I am painting my grey knights in a blended grey with red one leg and one shoulder. Eg pic below:










I know librarians are suppose to have blue armour, but is this standard for grey knight librarians as well. If it is, how would you suggest I paint the armour to show its a librarian but keep it tied in with the rest of my army.


----------



## Azkaellon (Jun 23, 2009)

The one painted in GW's site is Boltgun with a blue shoulder pad if i remember right....so why not try that?


----------



## lav25gunner (Dec 13, 2008)

Chop of the blade of the Halberd and replace with a SM banner top so it looks like a librarian staff.

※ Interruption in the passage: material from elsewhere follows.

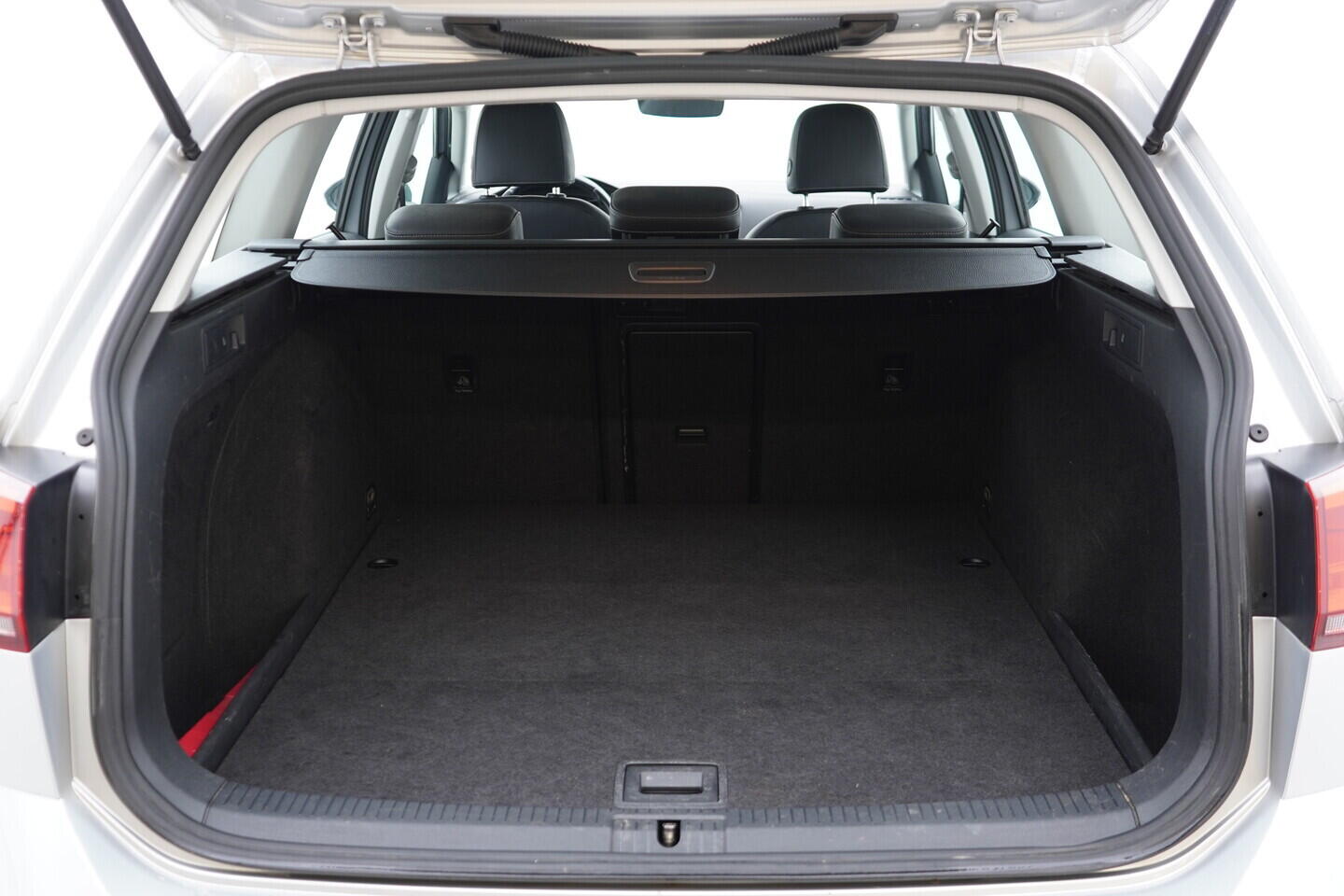 OM190V02765_38.webp_GOLF VARIANT Comfortline 1.6 TDI 81 kW automat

Drill some holes on the helmet and stick wires into is so it looks like a psychic hood. See if you can't get a book bit from a fantasy kit and glue it to a shoulder pad.

Oh crap. You asked how to paint it, not how to make one.
Yeah, you can just do what GW did here >*GK Lib*<


----------



## The Wraithlord (Jan 1, 2007)

> I know librarians are suppose to have blue armour, but is this standard for grey knight librarians as well. If it is, how would you suggest I paint the armour to show its a librarian but keep it tied in with the rest of my army.


In all honesty I will say this: paint it however you wish to. Don't be a slave to the GW fluff machine and feel like you must paint a model a certain way as that is just not the case. Paint it however you wish. That is what I do and I have yet to have a problem in a game because of it.


----------